## **Lunar Lander Inference - DQN**

### Imports and Setup

In [1]:
import gymnasium as gym
import torch
import numpy as np
from itertools import count
import matplotlib.pyplot as plt
import time

### GPU Check

In [2]:
device = torch.device("cuda" if torch.cuda.is_available() else "cpu")
print(f"Using device: {device}")

Using device: cpu


### Environment Setup

In [3]:
env = gym.make("LunarLander-v3", render_mode="human")
state_size = env.observation_space.shape[0]
action_size = env.action_space.n

### Define Model

In [5]:
import os
import torch
import torch.nn as nn
import torch.nn.functional as F

class DQN(nn.Module):
    def __init__(self, n_observations, n_actions):
        super().__init__()
        self.layer1 = nn.Linear(n_observations, 128)
        self.layer2 = nn.Linear(128, 128)
        self.layer3 = nn.Linear(128, n_actions)

    def forward(self, x):
        x = F.relu(self.layer1(x))
        x = F.relu(self.layer2(x))
        return self.layer3(x)

# Instantiate model
policy_net = DQN(state_size, action_size).to(device)

# Load model
model_path = os.path.join("..", "models", "ddqn_lunarlander.pth")
policy_net.load_state_dict(torch.load(model_path, map_location=device))
policy_net.eval()

print("Model loaded successfully!")

Model loaded successfully!


### Test Agent

In [None]:
# Testing the trained agent for 10 episodes
for e_test in range(10):
    state, _ = env.reset()
    state = torch.tensor(state, dtype=torch.float32, device=device).unsqueeze(0)
    total_reward = 0

    for t in count():
        with torch.no_grad():
            action = policy_net(state).max(1).indices.view(1, 1)

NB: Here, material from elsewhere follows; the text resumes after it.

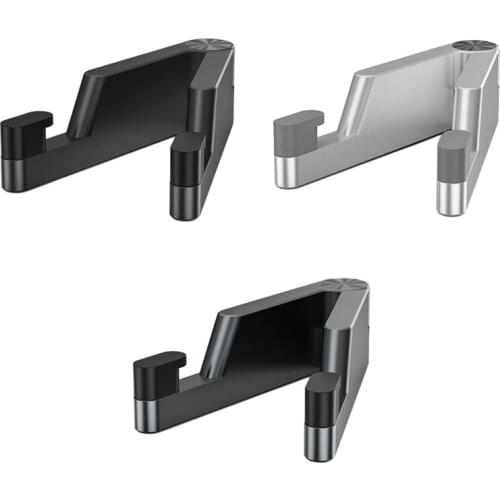 Mobile Phone Tablet Holder Foldable Aluminum Alloy Phone Holder For Mobile Phone Tablet Computers Under 13 Inches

        next_state, reward, terminated, truncated, _ = env.step(action.item())
        next_state = torch.tensor(next_state, dtype=torch.float32, device=device).unsqueeze(0)
        state = next_state
        total_reward += reward

        if terminated or truncated:
            print(f"Test Episode: {e_test+1}/10, Reward: {total_reward:.2f}, Steps: {t}")
            break

env.close()

Test Episode: 1/10, Reward: 113.91, Steps: 999
Test Episode: 2/10, Reward: 179.83, Steps: 548
Test Episode: 3/10, Reward: 17.89, Steps: 999
Test Episode: 4/10, Reward: -13.40, Steps: 999
Test Episode: 5/10, Reward: 19.41, Steps: 999
Test Episode: 6/10, Reward: -10.01, Steps: 999
Test Episode: 7/10, Reward: 224.26, Steps: 254
Test Episode: 8/10, Reward: 273.23, Steps: 209
Test Episode: 9/10, Reward: 13.64, Steps: 999
Test Episode: 10/10, Reward: 240.94, Steps: 375


: